Bedrijfsvaartuigen zijn vaartuigen die een toeristisch en/of commercieel doel dienen, niet zijnde een museumschip.
De eisen die aan een bedrijfsvaartuig worden gesteld, zijn anders dan voor een museumschip. Geldt bij museumschepen met nadruk de authenticiteit en historie als criterium, bij bedrijfsvaartuigen gaat het met name om de visuele waarde. Is bovendien dan nog sprake is van authenticiteit en door historie en verschijningsvorm de moeite van het behouden en bekijken waard is, dan worden ze beschouwd als museumschepen.
Ook heeft de schouwcommissie , in tegenstelling tot bij de museumschepen, bij de beoordeling van de bedrijfsvaartuigen enkel een adviserende rol.
Voor vaartuigen die wat betreft hun omvang niet passen in de museumhaven, maar toch een aanwinst zijn voor de Piushaven, zijn enkele alternatieve ligplaatsen beschikbaar in de kanaalarm. Deze plaatsen zijn in de eerste plaats gereserveerd voor bijzondere vaartuigen, met een bijzondere uitstraling of bijzondere functie, zonder dat er strenge eisen worden gesteld aan het museale karakter. De selectiecriteria zijn dezelfde als in de museumhaven, alleen worden in de kanaalarm geen strenge eisen gesteld aan originaliteit en authenticiteit. Wel geldt voor schepen in de kanaalarm dat zij een beeld moeten geven van breed doorgevoerde wijzigingen die de ontwikkelingsgeschiedenis van de diverse scheepstypen illustreren, bijvoorbeeld het aanbrengen van Kalffdekken om het laadvermogen te vergroten.

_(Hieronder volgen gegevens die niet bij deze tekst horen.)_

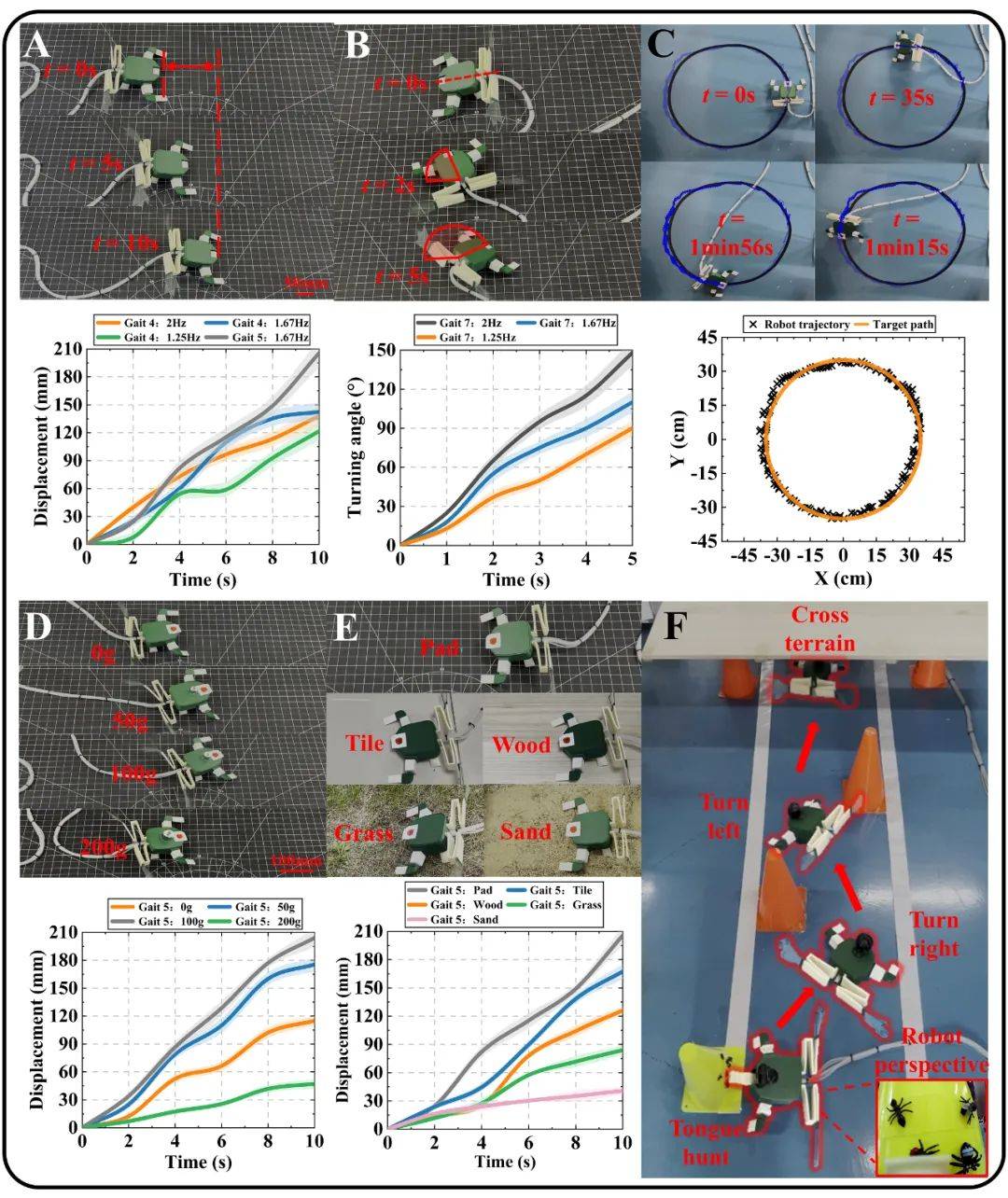 既能青蛙式游泳,又能弹涂鱼式爬行的软体机器人_运动_研究_设计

Op grond van het vorenstaande wordt via artikel 24 de artikelen betreffende de museumschepen van overeenkomstige toepassing verklaard.
Dit hoofdstuk regelt de verplichtingen en sanctiebepalingen bij overtreding. Bovendien wordt hier de inwerkingtreding vastgesteld en overgangsbepalingen regelen hoe om te gaan met in behandeling zijnde aanvragen voor ligplaatsvergunningen .
De citeertitel benoemt deze verordening als “Havenverordening Piushaven 2006”.